Гильман переводит ответ, глядя на фотографию. Голос его срывается, он умолкает. Пленный продолжает говорить, что-то объясняет, а лейтенант смотрит на карточку и словно не слышит. Он совсем забывает о переводе…

Мне становится душно. Я готов всадить пулю в это мерзкое рыжее животное, изображающее из себя обманутого фюрером солдата.

— Хватит! — майор рубит ладонью воздух. — Довольно!

— Нет, не хватит! — Кохов с размаха ударяет кулаком по столу. Он поднимается и рывком сует в лицо рыжему полную горсть пуговиц.

— А это что?! Тоже любовницы? — выкрикивает он, бледнея.

Пленный смотрит на него, ничего не понимая, переводит взгляд на пуговицы и, тоже побледнев, закусывает верхнюю губу.

— На, гляди, сволочь! Гляди!.. Гляди!.. — пальцы Кохова с хрустом сжимаются в кулак.

— Не надо, капитан, — как-то чересчур спокойно произносит командир батальона. Он кладет руку на плечо Кохова. — Успокойся. Сядь, слышишь?..

Кохов тяжело опускается на скамейку.

— Это и есть представитель чистой арийской расы, — произносит он с расстановкой и вдруг переходит на крик: — Изнасиловал всю Европу!.. А мы с ним цацкаться будем, да? Расстреливать надо таких без суда и следствия!..

Он ставит локти на стол и закрывает лицо руками.

После длительного молчания майор приказывает продолжить допрос. Мы узнаем, что пленного зовут Иоганн, что сам он с юга Германии. Дома у него любимая жена и двое детей.

Гильман выясняет, какой он части, спрашивает о расположении войск, о количестве самолетов и о чем-то другом, а я пытаюсь и никак не могу представить этого рыжего насильника рядом с женой и детьми. Наверное, когда он вернется домой (если вернется), жена бросится ему на шею и будет целовать эту отвислую челюсть.

И конечно, встретить «папу-героя» выбегут ребятишки.

У меня кружится голова… Даже о детях этого выродка я начинаю думать с ненавистью. А собственно, почему? Дети везде одинаковы. Они и смеются и плачут на одном языке. И не их вина, что есть на свете такие отцы…

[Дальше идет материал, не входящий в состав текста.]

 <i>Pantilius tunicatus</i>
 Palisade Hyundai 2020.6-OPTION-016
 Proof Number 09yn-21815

…Второй пленный отказывается отвечать. Он только называет имя и звание…

После этого он умолкает, надменно глядя прямо перед собой в стенку. Вопросы переводчика словно не достигают его ушей. Он не обращает на них никакого внимания и произносит еще лишь одну-единственную фразу, от которой Гильман вздрагивает и растерянно оглядывается на комбата.

— Что он сказал?

Гильман глядит на майора своими умными глазами и говорит тихим, едва слышным голосом:

— Он заявил, что с евреем разговаривать не будет.

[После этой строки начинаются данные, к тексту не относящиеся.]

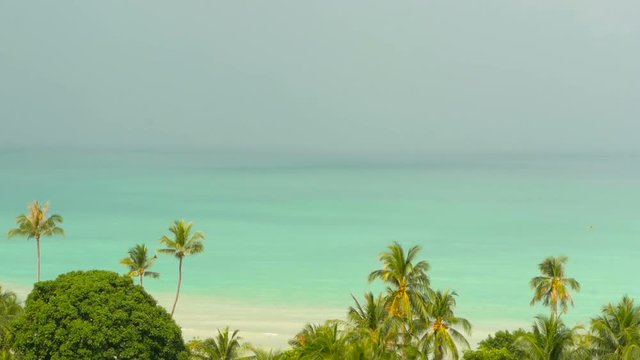 Paradise island exotic beach, tropical plants before rain swaing in the wind. Bright juicy green coconut palm trees against a tuquoise blue sea background. Ocean coast line landscape. Fairytale resort
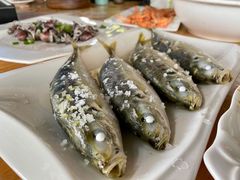 -陈岱后山窑鸡店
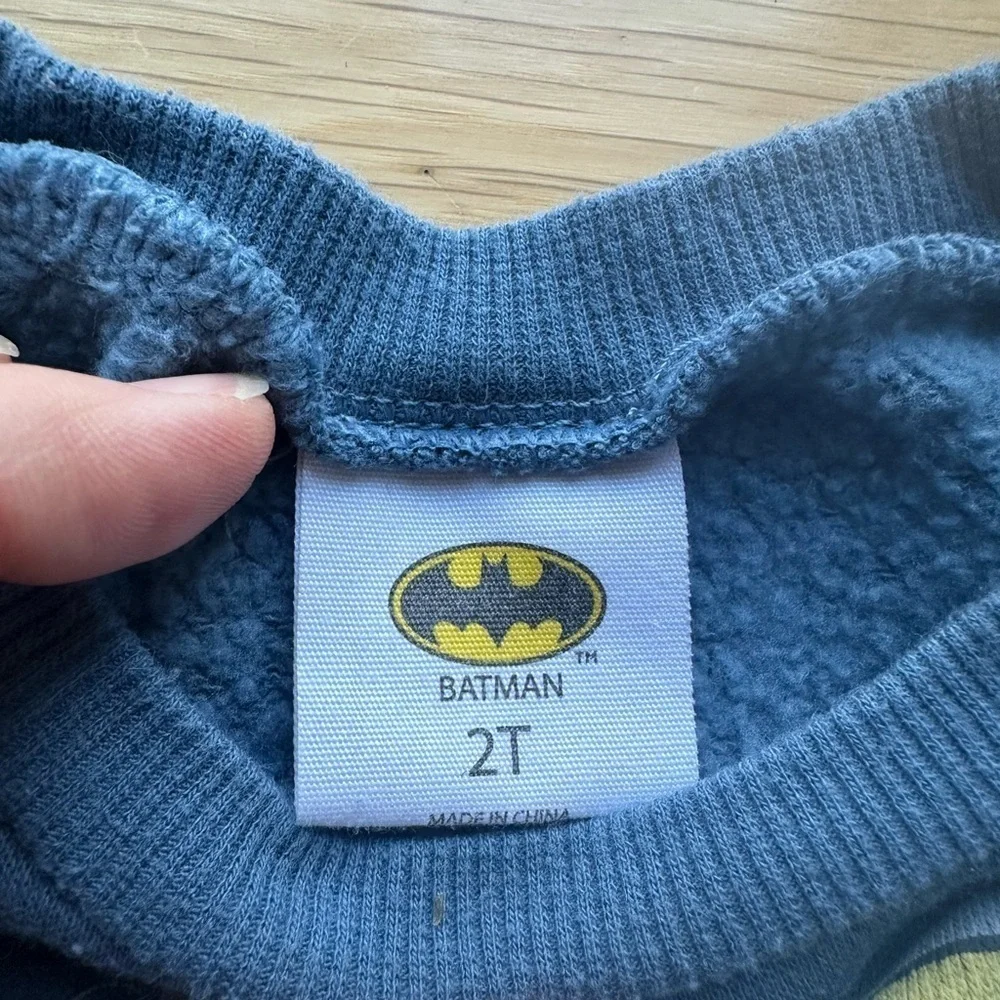 Kids' Gray Dinosaur & Blue Superhero Sweatshirts size 2T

— Ну, что ж, не будет — не надо, — командир батальона с ненавистью смотрит на пленного. — Героя из себя строит. Видели мы таких героев!.. Довольно, отправьте их к начальнику разведки бригады.

— Ты, Петр Семенович, возвращайся на высотку, — обращается Кохов к Бубнову. — Дорохов со Смысловым одни отведут.

Каким-то неуверенным тоном, не глядя на Бубнова, произносит он эти слова. После допроса пленных у него растерянный и помятый вид. Словно что-то гложет его, подтачивает изнутри.

— Собирайтесь, — бросает Кохов мне и Смыслову.

А нам собираться нечего. Мы всегда готовы. Как пионеры. Выходим из блиндажа. Юрка впереди, за ним пленные, сзади я, Бубнов, майор.

— Рыжий все расскажет, что знает. Не язык, а клад, хотя и омерзительный, — говорит майор Бубнову. — А долговязый вряд ли расколется. Странно, как он живым сдался.

— Мы его без сознания взяли.

— А‑а!.. Вот видишь… А я ведь не верил, что есть фанатики, которые до такой степени преданы своему сумасшедшему фюреру.